Those of us, all over the world, who can innovate online will deliver to humans the tools that take their data into account and help them best understand and manage their health. We will connect them with your expertise. You will be able to advise, based on their detailed data, not 100′s of patients, but 100′s of thousands. We can and will team up with you to make this happen.

IF we provide incentives for being healthy (e.g. compliant with a regime, not obese, not a smoker, routine exercise, regular preventative care) the rest will follow very quickly.

Why the Declaration of Health Data Rights
Shockingly most doctors don’t even have the patient’s data electronically. But the organizations at the source do. Labs and the pharmacies and insurers and the imaging labs do. We empower the consumers to get their health data electronically, rapidly and online. This is the fuel that will fire the engine of consumer health-care because it enables the rise of online tools to help consumers manage their health and work in a participatory manner with others best equipped to help them driven by data and expertise specific to their needs. As human beings, we all have this right. To deny it is to deny healthy living to all. We are in the business of increasing health and this is the tap that must be turned on.

What will this enable.

Revolution Deferred: Next we move the routine and the information out of the doctors hands and into the consumers through these online Care Plans, whether it is getting ready for a visit, discharge, or managing a chronic disease. The internet has profoundly revolutionized every other business moving all routine work into the consumers hands, but giving them choices, flexibility, and transparent information. Travel. Banking. Books. Movies. Eating. Only in health care is this revolution deferred.
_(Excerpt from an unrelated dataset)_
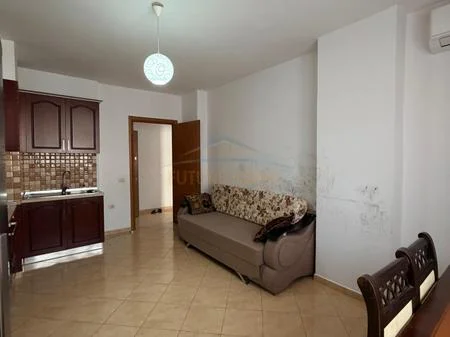 Tirane, shitet apartament 2+1+Ballkon Kati 5, 92 m² 125.000 €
We must move health care out of the 19th century and into the 21st. Then we will harness the creative talents of tens of thousands all across the world. What’s more, it will enable us to measure what works for whom in a computable fashion. It is unacceptable that this hasn’t already happened.

Health Coaches anywhere: We allow people anywhere to provide expertise online to consumers. What sense does it make that only a cardiologist in NY state who may well be out of date and has no incentives to help someone go on a diet/exercise regime is the only one who can treat a patient in NY state? Why can’t anyone with expertise in heart disease, anywhere in the world, help that patient? They will become the online partners in these health plans.

Patient Engagement
: The most important of these tools will be Care Plans. They will be the online tools consumers use to know what it means for them to be healthy and how to be healthy. People need the tools and training and support to know what to do, why they should do it, and the encouragement to do it. This is called patient engagement. This is called participatory medicine. Once people have online control over their health data, their medicines and their labs and their images, a myriad of online Care Plans will emerge to help them understand how to be healthy

Incentives: Lastly, we provide some incentives, even small ones, in the form of lower health care costs, to individuals who are managing their health well as measured/defined by these computable protocols. To anyone who has tried it, a reward of a few $100 / year has a dramatic effect on compliance. Let’s say that 70MM people aren’t managing their health well or the health of their children. At $300 / year in incentives (e.g. decreased premiums) that’s $21 Billion a year or less than 1% of our health care costs IF they in fact become as healthy as they can in which case they save far more than that. We spend that on avoidable life-style related health-care each week right now. The return on that investment would be almost 100:1. It’s effect will be vastly greater than putting the current behemoth EMR’s into doctor’s offices which will often be like giving giant combines to the suburbanite who wants to mow the lawn.  Giving physicians the wrong tool and the wrong incentives will still lead to the wrong result. Giving the consumers the right incentives will drive consumerism throughout the healthcare system and drive the right results, by definition.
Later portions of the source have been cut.